# Snow-Way plow lights



## 44941 (Feb 25, 2010)

Not sure where I can ask this so I'll put it here. I just picked up a snow-way 22 series plow for nothing. I bought a new remote and everything works great. I wired up the lights and nothing happened. I bought a new relay and still nothing. The parking and turn signal lights were not hooked up on the other truck that it was on. The only info on the harness is snow-way number 99100196. I pulled up the pdf and everything is hooked up right. Not sure if I am missing a ground somewhere. If I jump a wire on the relay the light will come on but dim? Any suggestions? Thanks and great fourm. Ken


----------



## hydro_37 (Sep 10, 2006)

Make sure the light tower has a good ground


----------



## basher (Nov 13, 2004)

what is the vehicle?


----------



## 44941 (Feb 25, 2010)

*ground*

Do the lights itself ground. The bolts on the lights themselves are rusted. Is that where it grounds to the plow frame? I am taking them apart to see what happens. The truck is a 94 Dodge Ram 1500. The plow came off a 2000 Mercury Mountaineer. Everything hooks up right. Just no plow lights only truck lights. I have power to the plowlight bulbs. All 3 terminals. Thanks


----------



## basher (Nov 13, 2004)

If it was a 2000 Mercury Mountaineer then according to the fit sheets a 94 1500 Ram is not a direct swap. The Mercury should have 99100792 adapters (for HB5 blubs) but you need 99100791 (for HB1 bulbs) adapters for the Ram. 

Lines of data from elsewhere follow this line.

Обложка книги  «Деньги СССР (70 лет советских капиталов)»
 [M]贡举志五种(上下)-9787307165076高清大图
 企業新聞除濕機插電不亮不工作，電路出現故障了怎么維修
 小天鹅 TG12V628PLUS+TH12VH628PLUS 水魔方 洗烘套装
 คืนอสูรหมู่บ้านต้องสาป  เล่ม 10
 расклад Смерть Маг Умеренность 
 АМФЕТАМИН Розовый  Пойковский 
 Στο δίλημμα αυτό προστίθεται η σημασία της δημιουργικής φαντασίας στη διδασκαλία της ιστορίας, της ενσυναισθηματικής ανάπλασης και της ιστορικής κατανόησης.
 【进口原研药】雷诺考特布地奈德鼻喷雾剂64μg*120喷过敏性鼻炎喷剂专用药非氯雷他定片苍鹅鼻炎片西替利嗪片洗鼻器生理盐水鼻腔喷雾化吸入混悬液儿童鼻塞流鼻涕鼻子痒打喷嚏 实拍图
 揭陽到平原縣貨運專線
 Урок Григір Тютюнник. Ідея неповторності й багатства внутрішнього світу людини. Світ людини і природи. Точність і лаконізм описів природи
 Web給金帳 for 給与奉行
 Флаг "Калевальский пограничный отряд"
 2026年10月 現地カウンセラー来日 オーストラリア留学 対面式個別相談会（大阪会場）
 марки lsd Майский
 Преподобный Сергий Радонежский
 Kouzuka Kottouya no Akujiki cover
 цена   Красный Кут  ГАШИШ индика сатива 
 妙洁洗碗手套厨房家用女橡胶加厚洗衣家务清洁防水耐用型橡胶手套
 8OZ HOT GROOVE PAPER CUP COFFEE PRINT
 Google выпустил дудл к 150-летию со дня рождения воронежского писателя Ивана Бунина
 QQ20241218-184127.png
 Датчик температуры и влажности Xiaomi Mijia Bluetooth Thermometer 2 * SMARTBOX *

That is a lot of truck for that plow.


----------



## 44941 (Feb 25, 2010)

Working now. I found that one of the pins in the wiring harness was loose and when I wiggled it it broke off. I jumped the wire and the lights work. Thanks for the help. Yes it is alot of truck for that plow but the plow was free. It works great. Just finished up my yard now off to bed. More snow to push in the morning.


----------



## 44941 (Feb 25, 2010)

Got a new adapter for a Dodge and a harness repair kit. Thanks for all the help.


----------